WORK TO BE COMPLETED>
Where a picture appears, leave it out, and transcribe all the lines below exactly.

PROVIDED DATA>
--- --- ---
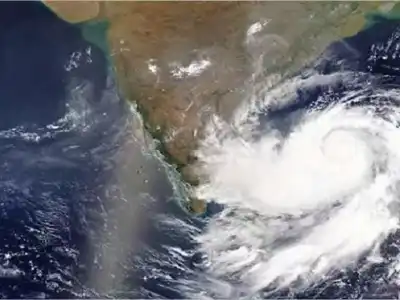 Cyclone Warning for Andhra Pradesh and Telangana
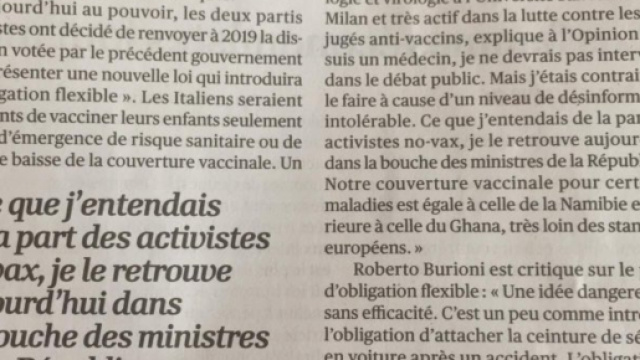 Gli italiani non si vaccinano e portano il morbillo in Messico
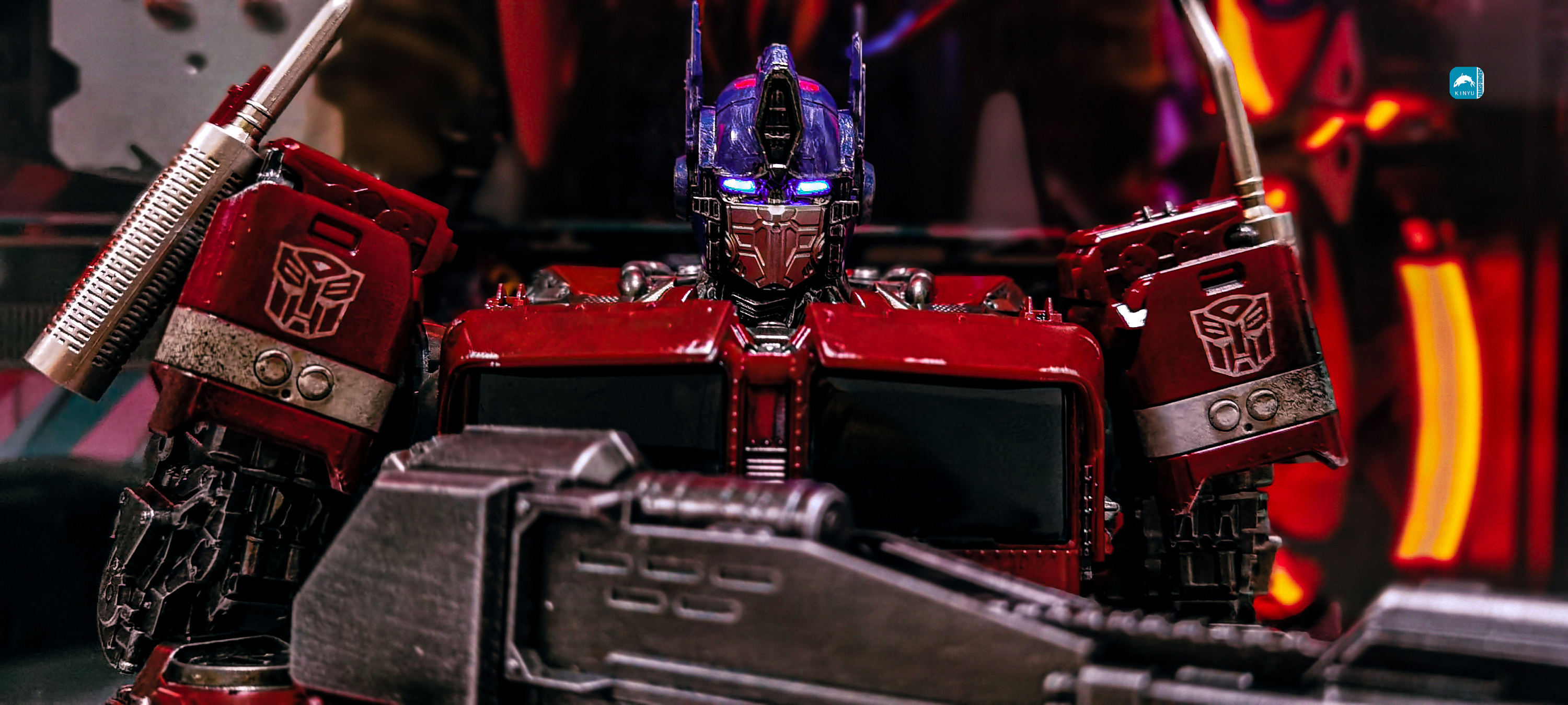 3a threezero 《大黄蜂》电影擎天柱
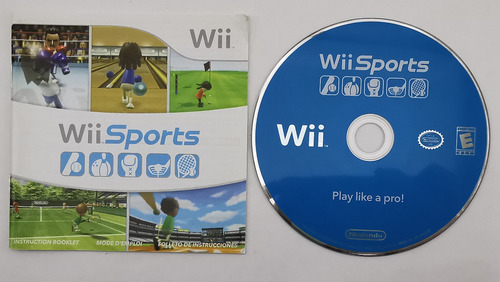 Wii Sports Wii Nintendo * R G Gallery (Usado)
--- --- ---
THE COMPLETED TASK>
 Cyclone Warning for Andhra Pradesh and Telangana
 Gli italiani non si vaccinano e portano il morbillo in Messico
 3a threezero 《大黄蜂》电影擎天柱
 Wii Sports Wii Nintendo * R G Gallery (Usado)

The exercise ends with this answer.